# [GOAL OF THE EXERCISE]
Without leaving anything out, print every line of the data.

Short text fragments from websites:
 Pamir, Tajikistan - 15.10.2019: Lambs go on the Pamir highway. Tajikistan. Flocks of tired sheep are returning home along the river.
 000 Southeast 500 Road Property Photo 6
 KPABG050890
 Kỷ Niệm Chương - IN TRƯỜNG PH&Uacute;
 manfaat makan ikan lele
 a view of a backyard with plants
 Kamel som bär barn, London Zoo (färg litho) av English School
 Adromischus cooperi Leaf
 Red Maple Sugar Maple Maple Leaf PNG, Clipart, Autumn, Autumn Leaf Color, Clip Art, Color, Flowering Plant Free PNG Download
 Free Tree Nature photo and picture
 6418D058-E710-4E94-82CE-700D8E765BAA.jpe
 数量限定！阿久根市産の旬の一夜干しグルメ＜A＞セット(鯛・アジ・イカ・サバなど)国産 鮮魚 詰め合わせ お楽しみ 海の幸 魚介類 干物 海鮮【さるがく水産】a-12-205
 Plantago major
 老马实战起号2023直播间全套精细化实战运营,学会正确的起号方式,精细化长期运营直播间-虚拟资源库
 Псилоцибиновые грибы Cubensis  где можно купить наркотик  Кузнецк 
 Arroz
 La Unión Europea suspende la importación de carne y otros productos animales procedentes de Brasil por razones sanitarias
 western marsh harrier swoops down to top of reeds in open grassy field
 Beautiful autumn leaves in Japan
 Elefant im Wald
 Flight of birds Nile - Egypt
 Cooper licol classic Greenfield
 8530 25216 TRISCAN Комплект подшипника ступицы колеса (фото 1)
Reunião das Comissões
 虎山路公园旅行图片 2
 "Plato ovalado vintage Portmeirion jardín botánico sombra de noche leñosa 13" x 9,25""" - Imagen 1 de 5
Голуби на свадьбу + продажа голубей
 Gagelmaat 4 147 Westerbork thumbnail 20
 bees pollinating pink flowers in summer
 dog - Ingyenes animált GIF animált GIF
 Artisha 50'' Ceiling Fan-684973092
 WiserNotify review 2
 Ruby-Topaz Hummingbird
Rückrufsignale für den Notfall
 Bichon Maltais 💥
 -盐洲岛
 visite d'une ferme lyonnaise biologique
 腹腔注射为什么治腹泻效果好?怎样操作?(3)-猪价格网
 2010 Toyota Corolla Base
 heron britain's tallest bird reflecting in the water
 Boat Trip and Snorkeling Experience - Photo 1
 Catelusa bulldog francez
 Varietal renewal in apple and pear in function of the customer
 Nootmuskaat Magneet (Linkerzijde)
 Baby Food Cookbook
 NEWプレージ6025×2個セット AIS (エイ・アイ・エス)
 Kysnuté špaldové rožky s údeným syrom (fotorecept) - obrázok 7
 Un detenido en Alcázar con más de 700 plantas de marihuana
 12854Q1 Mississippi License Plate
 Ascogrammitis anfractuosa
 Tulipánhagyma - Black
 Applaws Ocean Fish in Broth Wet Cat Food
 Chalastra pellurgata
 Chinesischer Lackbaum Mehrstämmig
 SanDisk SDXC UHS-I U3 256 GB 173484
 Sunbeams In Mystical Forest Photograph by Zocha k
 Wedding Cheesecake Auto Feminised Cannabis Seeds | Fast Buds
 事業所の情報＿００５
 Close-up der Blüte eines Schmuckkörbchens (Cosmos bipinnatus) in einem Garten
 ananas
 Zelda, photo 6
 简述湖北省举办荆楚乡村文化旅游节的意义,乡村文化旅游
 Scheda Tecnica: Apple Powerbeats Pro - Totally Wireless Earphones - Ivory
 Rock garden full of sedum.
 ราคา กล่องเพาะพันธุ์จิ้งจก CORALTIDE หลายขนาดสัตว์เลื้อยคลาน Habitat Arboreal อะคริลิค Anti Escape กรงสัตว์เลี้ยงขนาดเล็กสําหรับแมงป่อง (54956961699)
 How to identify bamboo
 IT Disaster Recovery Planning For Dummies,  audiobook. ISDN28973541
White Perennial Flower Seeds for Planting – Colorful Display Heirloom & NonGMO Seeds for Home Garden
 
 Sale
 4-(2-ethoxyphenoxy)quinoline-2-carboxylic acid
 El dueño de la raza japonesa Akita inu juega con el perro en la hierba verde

# [RESULT FOR THIS TASK]
 Pamir, Tajikistan - 15.10.2019: Lambs go on the Pamir highway. Tajikistan. Flocks of tired sheep are returning home along the river.
 000 Southeast 500 Road Property Photo 6
 KPABG050890
 Kỷ Niệm Chương - IN TRƯỜNG PH&Uacute;
 manfaat makan ikan lele
 a view of a backyard with plants
 Kamel som bär barn, London Zoo (färg litho) av English School
 Adromischus cooperi Leaf
 Red Maple Sugar Maple Maple Leaf PNG, Clipart, Autumn, Autumn Leaf Color, Clip Art, Color, Flowering Plant Free PNG Download
 Free Tree Nature photo and picture
 6418D058-E710-4E94-82CE-700D8E765BAA.jpe
 数量限定！阿久根市産の旬の一夜干しグルメ＜A＞セット(鯛・アジ・イカ・サバなど)国産 鮮魚 詰め合わせ お楽しみ 海の幸 魚介類 干物 海鮮【さるがく水産】a-12-205
 Plantago major
 老马实战起号2023直播间全套精细化实战运营,学会正确的起号方式,精细化长期运营直播间-虚拟资源库
 Псилоцибиновые грибы Cubensis  где можно купить наркотик  Кузнецк 
 Arroz
 La Unión Europea suspende la importación de carne y otros productos animales procedentes de Brasil por razones sanitarias
 western marsh harrier swoops down to top of reeds in open grassy field
 Beautiful autumn leaves in Japan
 Elefant im Wald
 Flight of birds Nile - Egypt
 Cooper licol classic Greenfield
 8530 25216 TRISCAN Комплект подшипника ступицы колеса (фото 1)
Reunião das Comissões
 虎山路公园旅行图片 2
 "Plato ovalado vintage Portmeirion jardín botánico sombra de noche leñosa 13" x 9,25""" - Imagen 1 de 5
Голуби на свадьбу + продажа голубей
 Gagelmaat 4 147 Westerbork thumbnail 20
 bees pollinating pink flowers in summer
 dog - Ingyenes animált GIF animált GIF
 Artisha 50'' Ceiling Fan-684973092
 WiserNotify review 2
 Ruby-Topaz Hummingbird
Rückrufsignale für den Notfall
 Bichon Maltais 💥
 -盐洲岛
 visite d'une ferme lyonnaise biologique
 腹腔注射为什么治腹泻效果好?怎样操作?(3)-猪价格网
 2010 Toyota Corolla Base
 heron britain's tallest bird reflecting in the water
 Boat Trip and Snorkeling Experience - Photo 1
 Catelusa bulldog francez
 Varietal renewal in apple and pear in function of the customer
 Nootmuskaat Magneet (Linkerzijde)
 Baby Food Cookbook
 NEWプレージ6025×2個セット AIS (エイ・アイ・エス)
 Kysnuté špaldové rožky s údeným syrom (fotorecept) - obrázok 7
 Un detenido en Alcázar con más de 700 plantas de marihuana
 12854Q1 Mississippi License Plate
 Ascogrammitis anfractuosa
 Tulipánhagyma - Black
 Applaws Ocean Fish in Broth Wet Cat Food
 Chalastra pellurgata
 Chinesischer Lackbaum Mehrstämmig
 SanDisk SDXC UHS-I U3 256 GB 173484
 Sunbeams In Mystical Forest Photograph by Zocha k
 Wedding Cheesecake Auto Feminised Cannabis Seeds | Fast Buds
 事業所の情報＿００５
 Close-up der Blüte eines Schmuckkörbchens (Cosmos bipinnatus) in einem Garten
 ananas
 Zelda, photo 6
 简述湖北省举办荆楚乡村文化旅游节的意义,乡村文化旅游
 Scheda Tecnica: Apple Powerbeats Pro - Totally Wireless Earphones - Ivory
 Rock garden full of sedum.
 ราคา กล่องเพาะพันธุ์จิ้งจก CORALTIDE หลายขนาดสัตว์เลื้อยคลาน Habitat Arboreal อะคริลิค Anti Escape กรงสัตว์เลี้ยงขนาดเล็กสําหรับแมงป่อง (54956961699)
 How to identify bamboo
 IT Disaster Recovery Planning For Dummies,  audiobook. ISDN28973541
White Perennial Flower Seeds for Planting – Colorful Display Heirloom & NonGMO Seeds for Home Garden
 
 Sale
 4-(2-ethoxyphenoxy)quinoline-2-carboxylic acid
 El dueño de la raza japonesa Akita inu juega con el perro en la hierba verde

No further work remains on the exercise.